I have lived in both cities.



But apparently aren’t familiar with the Hopkins campus. Pp, Hopkins undergrad is in a much less urban part of the city than GW, it is surrounded by residential neighborhoods on all sides. Access to the parts of downtown popular with students, ie. Harbor East, Fed Hill, Fells Point and Hampden, does not involved driving through high crime neighborhoods.

Unlike GW, the Hopkins campus is set off from the surrounding neighborhoods and has a lot of green space. The undergrad campus encompasses 140 acres. There is a small area of restaurants geared to students in Charles Village, about 3 blocks worth. Baltimore museum of Art is an immediate neighbor. Hopkins campus is not gated, there is security to enter the dorms.


Bumping
Anonymous
Don’t all dorms at all colleges have security? Don’t all of them require a keycard to get in? How is Hopkins any different?
Anonymous
Anonymous wrote:How do you know it’s unpopular?


Exactly! I knew several high stat kids ED Hopkins but didn't get in
Anonymous
Anonymous wrote:Do the math if you are a straight white Catholic male

Freshman class is only 1,250 it is only 18 percent white or 225 White people in class. Of that 225 it is 60 percent male as a stem school so 90 girls. Of that 90 girls most will be stem type nerds or non Christian etc. now we are talking 10-30 datable girls.

Meanwhile my lesser rated Catholic college was like 52 percent women the majority white and Catholic. I like to date in college, have girlfriends, go to keg parties. Plus my school bigger 20,000 kids. I literally had like 5,000 pretty girls to date my grade alone.

Plus I could go off campus on a safe neighborhood to meet girls.

And don’t laugh kids do go to school to date and meet people. If I was black I go to Howard not John Hopkins.

The school is a prision for a fun outgoing kid


Straight outta Reddit.
Anonymous
Anonymous wrote:Top 10 school. Close to DC and far enough away at the same time.

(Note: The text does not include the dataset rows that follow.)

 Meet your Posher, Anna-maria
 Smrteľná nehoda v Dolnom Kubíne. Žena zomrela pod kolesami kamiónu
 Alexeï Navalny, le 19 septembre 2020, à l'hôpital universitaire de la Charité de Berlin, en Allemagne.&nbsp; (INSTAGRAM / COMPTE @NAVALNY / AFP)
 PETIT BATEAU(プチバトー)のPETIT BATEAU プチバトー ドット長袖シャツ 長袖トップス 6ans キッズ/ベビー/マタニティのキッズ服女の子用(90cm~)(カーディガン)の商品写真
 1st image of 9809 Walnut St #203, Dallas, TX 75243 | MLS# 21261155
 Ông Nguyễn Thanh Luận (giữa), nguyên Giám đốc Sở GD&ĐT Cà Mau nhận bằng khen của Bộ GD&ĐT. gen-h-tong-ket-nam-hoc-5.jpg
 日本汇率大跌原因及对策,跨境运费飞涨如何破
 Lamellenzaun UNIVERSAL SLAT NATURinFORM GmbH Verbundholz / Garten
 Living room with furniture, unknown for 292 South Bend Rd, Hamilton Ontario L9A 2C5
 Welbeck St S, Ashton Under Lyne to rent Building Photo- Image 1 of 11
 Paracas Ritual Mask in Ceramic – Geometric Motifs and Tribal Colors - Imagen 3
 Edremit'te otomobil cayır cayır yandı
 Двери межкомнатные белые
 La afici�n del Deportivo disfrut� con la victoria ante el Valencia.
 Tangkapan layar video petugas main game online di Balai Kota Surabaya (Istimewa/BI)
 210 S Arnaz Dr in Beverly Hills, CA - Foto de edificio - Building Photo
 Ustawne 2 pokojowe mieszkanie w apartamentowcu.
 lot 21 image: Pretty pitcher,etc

Who so little interest?


It doesn’t offer one of the majors DD (a two gen Hopkins legacy) is planning to double major in.
Anonymous
Anonymous wrote:
Anonymous wrote:
Anonymous wrote:
Anonymous wrote:
Anonymous wrote:Unsafe, cutthroat, nerdy environment are often used by people who can't get in or afford to pay.

That being said, DC is as safe as Baltimore.


My Humanities kid is at George Washington. He feels safe at GW, which has campus police everywhere. It's all clean and kept up, even though it's open concept and embedded in the city. Georgetown is enclosed and felt safe too when we visited.

Can anyone compare safety on those campuses compared to the Johns Hopkins campus?


The cities are set up differently. In DC you can steer clear of the highest crime neighborhoods. In Baltimore you have to drive through them to go to parties or the fun neighborhoods. Plus, it has a huge drug problem. Which leads to crime and violence.

I have lived in both cities.



But apparently aren’t familiar with the Hopkins campus. Pp, Hopkins undergrad is in a much less urban part of the city than GW, it is surrounded by residential neighborhoods on all sides. Access to the parts of downtown popular with students, ie. Harbor East, Fed Hill, Fells Point and Hampden, does not involved driving through high crime neighborhoods.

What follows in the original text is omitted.